▶ ASSIGNMENT
When you copy the material below, keep every line exact and drop the pictures.

▶ DATA BELOW
* * * * * * * * *

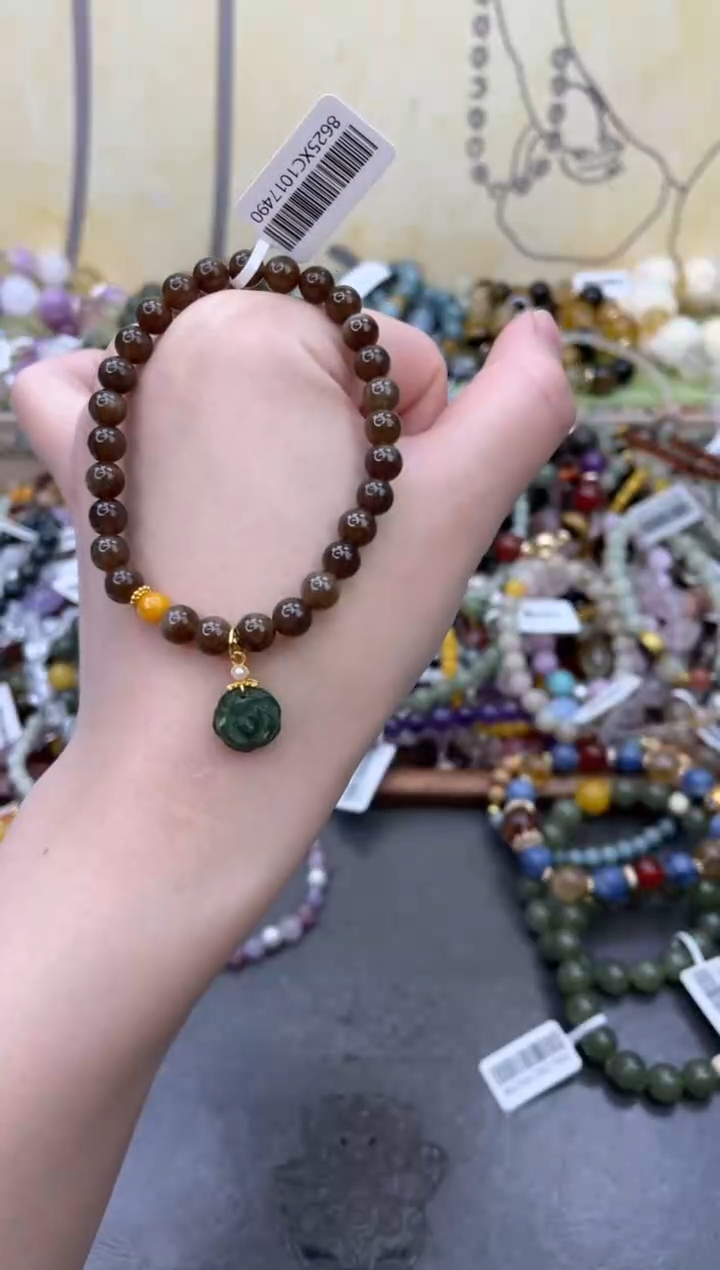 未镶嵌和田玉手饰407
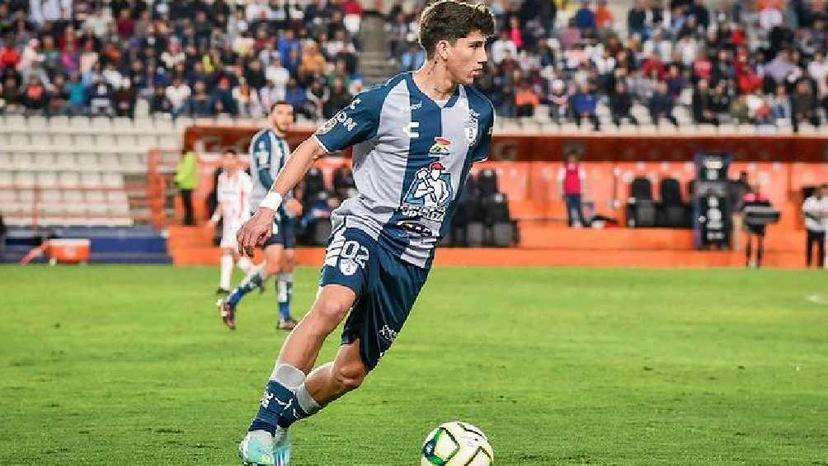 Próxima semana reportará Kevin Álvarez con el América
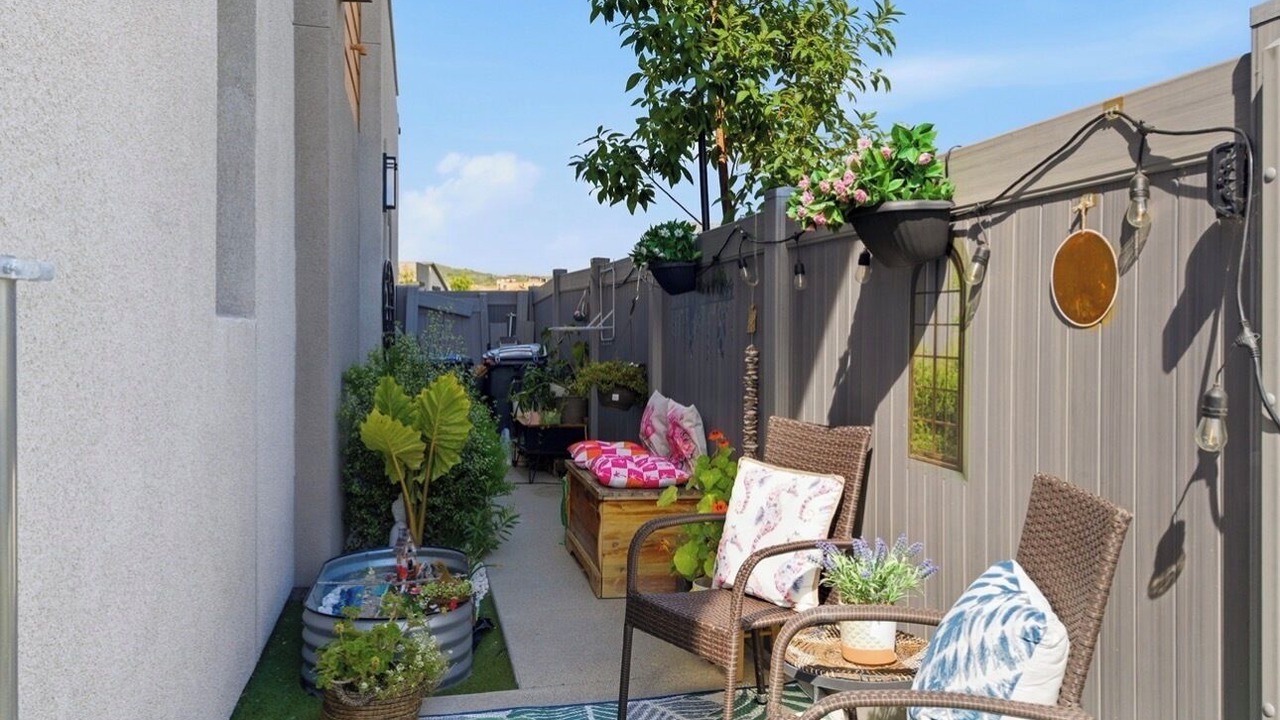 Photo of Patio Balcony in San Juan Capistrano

* * * * * * * * *

▶ THE ANSWER
 未镶嵌和田玉手饰407
 Próxima semana reportará Kevin Álvarez con el América
 Photo of Patio Balcony in San Juan Capistrano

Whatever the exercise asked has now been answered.